I visited the Utah Shakespeare Festival in Cedar City during the preview week of its 2014 season, watching the second preview show for each of the six plays. I will be posting my reviews all week on this blog. I will link my reviews as they become public.
A Comedy of Errors 6/29/14
Henry IV Part One on 7/1/24
Measure For Measure on 7/2/14
Sense and Sensibility on 7/3/14
Into The Woods on 7/4/14
Why go to the Utah Shakespeare Festival on 7/5/14
Unless otherwise noted, all photos used will be from the festival website, bard.org. Also, all information regarding tickets, seminars, tours, and classes for college credit is available there.
Remember to click on all photos in this post to enlarge them.
Without further ado, then, here is my review of Twelfth Night, or What You Will.
According to what I have read, Shakespeare wrote Twelfth Night for a Twelfth Night party for Queen Elizabeth I, which explains the title, as the play itself has nothing to do with the Christmas season; it is merely a fun story fit for revelry.

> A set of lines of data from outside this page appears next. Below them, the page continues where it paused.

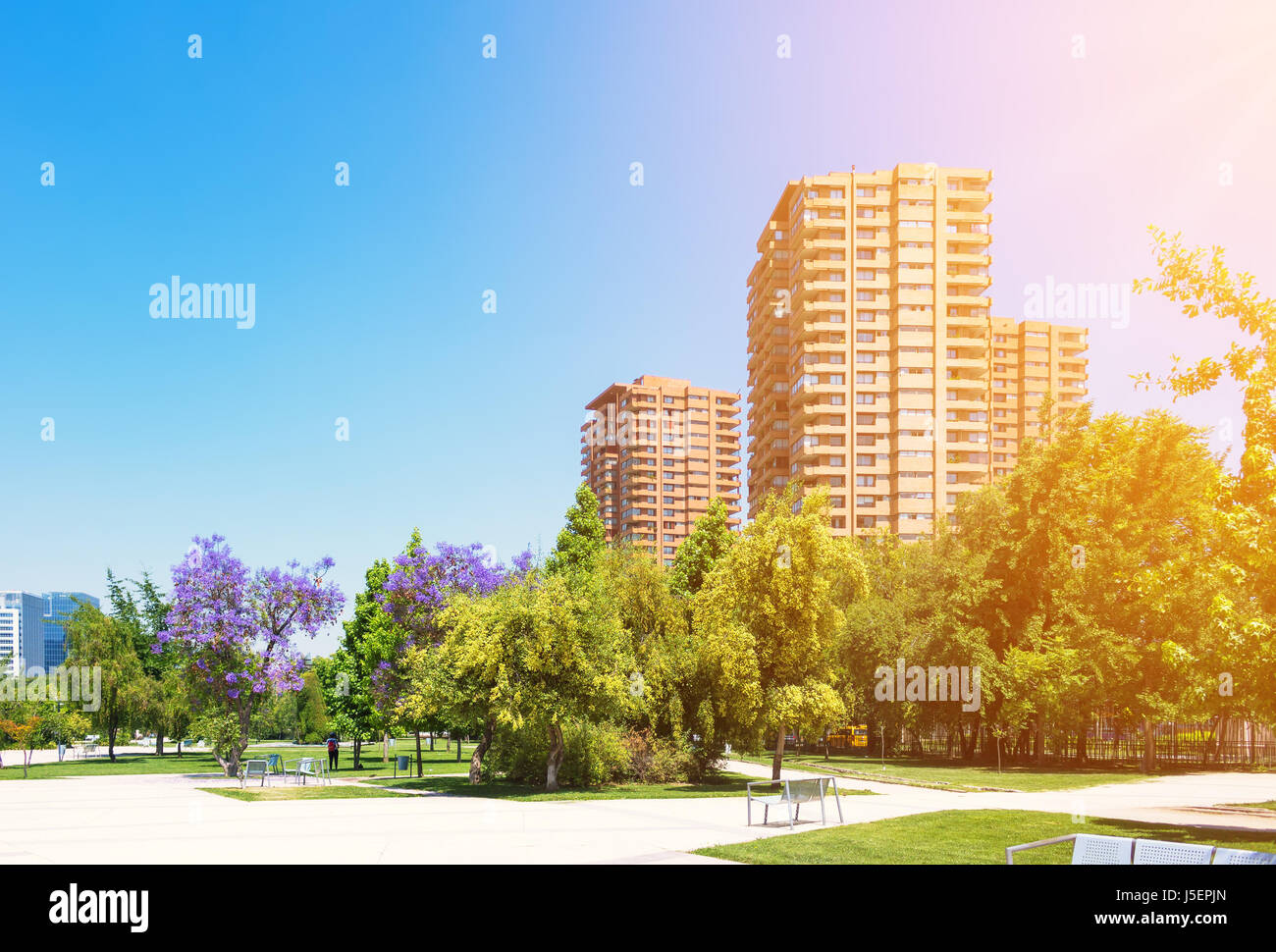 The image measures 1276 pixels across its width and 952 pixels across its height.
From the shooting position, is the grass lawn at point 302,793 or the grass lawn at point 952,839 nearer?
the grass lawn at point 952,839

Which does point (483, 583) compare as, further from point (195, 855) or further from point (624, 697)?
point (195, 855)

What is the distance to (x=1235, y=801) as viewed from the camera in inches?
883

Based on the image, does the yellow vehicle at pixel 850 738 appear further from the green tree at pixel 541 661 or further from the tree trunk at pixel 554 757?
the green tree at pixel 541 661

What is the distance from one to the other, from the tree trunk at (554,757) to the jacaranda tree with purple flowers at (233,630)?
11213 mm

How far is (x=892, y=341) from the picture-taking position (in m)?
98.8

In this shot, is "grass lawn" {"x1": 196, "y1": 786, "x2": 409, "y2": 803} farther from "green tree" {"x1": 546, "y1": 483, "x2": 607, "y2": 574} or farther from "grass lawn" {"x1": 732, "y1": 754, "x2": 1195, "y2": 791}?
"green tree" {"x1": 546, "y1": 483, "x2": 607, "y2": 574}

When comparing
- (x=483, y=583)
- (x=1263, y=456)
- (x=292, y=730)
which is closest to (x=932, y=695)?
(x=483, y=583)

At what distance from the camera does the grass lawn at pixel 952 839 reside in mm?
12219

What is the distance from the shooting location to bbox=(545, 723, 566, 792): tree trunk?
24.6 metres

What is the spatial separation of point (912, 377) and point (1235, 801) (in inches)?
3049

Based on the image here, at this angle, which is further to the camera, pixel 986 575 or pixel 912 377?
pixel 912 377

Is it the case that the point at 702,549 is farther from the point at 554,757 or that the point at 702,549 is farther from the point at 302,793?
the point at 302,793

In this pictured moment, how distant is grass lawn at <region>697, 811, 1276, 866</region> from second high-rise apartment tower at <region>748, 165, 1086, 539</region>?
79691 mm

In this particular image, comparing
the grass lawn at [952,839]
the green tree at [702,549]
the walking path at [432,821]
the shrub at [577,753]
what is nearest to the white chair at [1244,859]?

The basic plot is a strange and wonderful love triangle:
Viola, shipwrecked and believing her twin brother Sebastian has drowned, is rescued by the captain of the doomed vessel and washed ashore in Illyria, with whom her home city of Messaline is at war. Viola has heard of Duke Orsino, who rules Illyria, and the sea captain tells her that Orsino is in love with the Countess Olivia. Upon hearing that Olivia has, within the last year, lost to death both her father and her brother, Viola realizes she can relate to the woman and expresses her wish to serve Olivia as a gentlewoman until she can somehow figure out what to do with her life now that all of her own family is dead. But the captain informs Viola that Olivia is mourning and "will admit no kind of suit," so Viola is left with the Duke, who takes on only men. She therefore decides to present herself as a eunuch to him, disguises herself by dressing as her brother, and calls herself Cesario. Naturally, she falls in love with the duke, and he sends her to Olivia as a messenger, and -- you guessed it -- Olivia falls in love with Cesario (who is, of course, really Viola).
The subplots involve Olivia's nutty household. There is her drunken uncle Toby, the relative from Hell that leeches off of everyone, not just his niece, but also his friend Fabian and the awkward and nerdy Sir Andrew Aguecheek, who hopes to marry Olivia. Olivia's gentlewoman Maria is in love with Toby and hence works against Olivia some of the time. Also, Olivia's steward, the Puritan stand-in Malvolio, is in love with her. Oh, and Feste, the jester, has returned, wanting work.
Still not confused enough? Just wait until the very-much-not-drowned Sebastian shows up in town three months later with his overly-devoted rescuer, the sea captain/wanted man Antonio.
This year's Utah Shakespeare Festival version is directed by David Ivers, who is the co-artistic director for the whole festival. David is more than incredibly talented, and his vision of this play definitely has made it a success.
Viola, played by Nell Geisslinger, is very good. Sebastian, not so much. Viola makes a convincing boy, and her comic moments are delightful. We definitely feel for her as she fends off the infatuated Olivia and falls prey to the practical jokes of Sir Toby.
But she doesn't seem to feel much for Orsino, and her reunion with her brother is flat and almost unemotional.
Olivia is also a weak spot. She's not bad, but Melinda Pfundstein plays every role the same way, and in this play, she just looks way too old for Cesario, old enough to be his and Sebastian's mother instead of a lover. This detracts.
However, the play has many strengths.
Ivers has chosen to lighten up the whole awfulness of Sir Toby and the torture of Malvolio, making it truly funny in a way I have never seen before. In fact, the cruelty of what is done to Malvolio is frequently off-putting to modern audiences, but Ivers' version of it will leave the audience laughing.
Part of this is due to the casting of Aaron Galligan-Stierle as Feste. He is bitingly funny, but he balances his cut-to-the-core remarks with humanity, and thus he keeps the torture of Malvolio in the lighter range.
Ivers has also chosen to make Sir Toby more Falstaffian and a lovable rogue instead of a drunken leech. This works well and lightens some of the nastiness of the play.
However, the very best part of the play is Sir Andrew Aguecheek, played by the incomparably funny Quinn Mattfield.
They've dressed him as sort of a blond Tiny Tim, and he is so very painfully, hilariously nerdy that it is worth the entire show just to see him.
(Here's what the actor really looks like, shown on the left of this photo I took at a seminar.)
Over all, this is a very good version of Twelfth Night. I would happily pay to see it again. If you're going to the Festival this year, this play should be on your list.